In nur 10 Jahren hat Markle ihre Meinung offenbar nicht nur geändert, sondern auch in Profit umgewandelt.
Preisschilder von Lifestyle-Marken Prominenter erregen oft Aufmerksamkeit. Die jüngste Produkteinführung von Meghan Markle bildet da keine Ausnahme.
Neue Kritik entzündet sich an dem Lifestyle-Unternehmen der Herzogin von Sussex, As Ever, nachdem Kritiker Äußerungen hervorhoben, die sie vor fast einem Jahrzehnt über teure Haushaltswaren und Luxusmarken gemacht hatte.
Die Diskussion dreht sich um einen Auftritt im Jahr 2016, bei dem sie ihren früheren Blog, The Tig, bewarb, kurz nachdem ihre Beziehung zu Prinz Harry öffentlich geworden war.
Eine andere Botschaft im Jahr 2016
Während eines Konferenzauftritts in Atlanta beschrieb Meghan ihren Ansatz für Lifestyle-Empfehlungen als zugänglich statt exklusiv.

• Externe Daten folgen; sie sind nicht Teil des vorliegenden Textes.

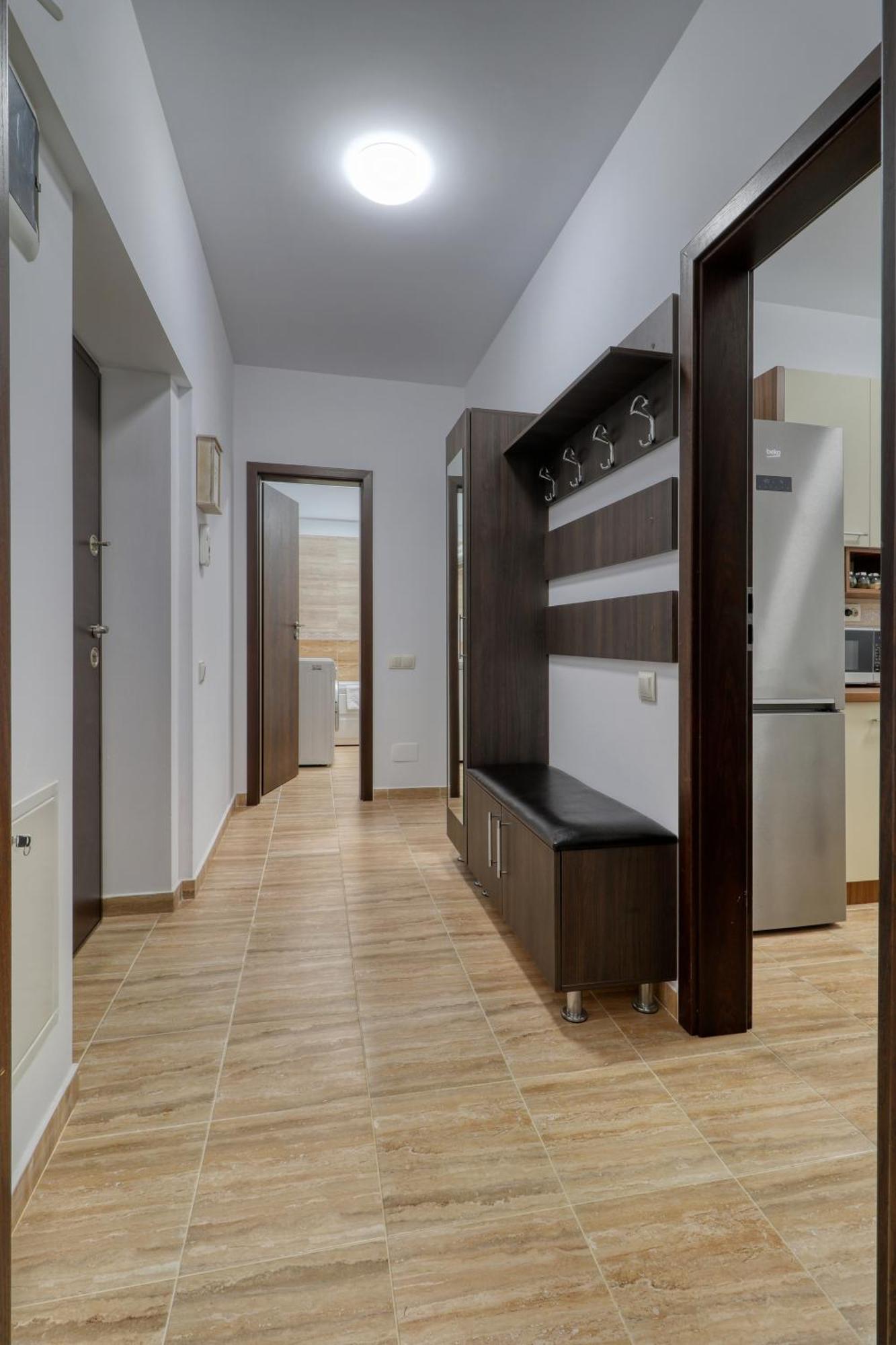 Appartamento Homie Grand - Private Parking - Self Check-in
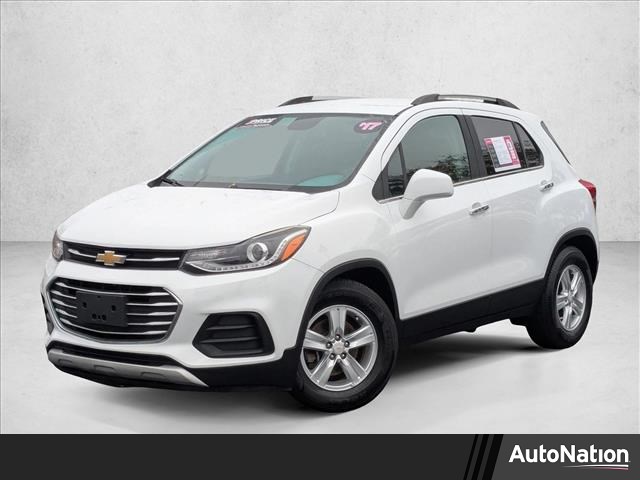 2017 Chevrolet Trax LT FWD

„Es gibt keine 100-Dollar-Kerzen auf meiner Seite – das ist so unverschämt.“
Damals sagte sie, sie wolle, dass die auf ihrer Plattform vorgestellten Produkte für normale Verbraucher erschwinglich blieben, und beschrieb das Konzept als erstrebenswert und dennoch erreichbar.
Die Äußerungen sind nach der Einführung von Produkten über As Ever wieder aufgetaucht, darunter Fruchtaufstriche, Schokolade und Duftkerzen.
Und dieses neue Geschäftsfeld ist von Chris Riches, einem Autor des Express, nicht gut aufgenommen worden.
Luxusprodukte erregen Aufmerksamkeit
Mehrere über die Marke verkaufte Kerzenprodukte weisen Preise auf, die online zu Debatten geführt haben.
Einzelne Kerzen werden für jeweils 64 Dollar angeboten, während Mehrproduktkollektionen deutlich teurer sein können.
Produktbeschreibungen verknüpfen verschiedene Düfte mit persönlichen Erinnerungen, darunter Familienerlebnisse und Meilensteine aus Meghans Leben.
Befürworter sehen das Sortiment als Premium-Lifestyle-Kollektion, die sich an Verbraucher richtet, die an luxuriösen Haushaltswaren interessiert sind. Kritiker argumentieren, dass die Preisgestaltung schwer mit ihren früheren Äußerungen zur Erschwinglichkeit vereinbar scheine.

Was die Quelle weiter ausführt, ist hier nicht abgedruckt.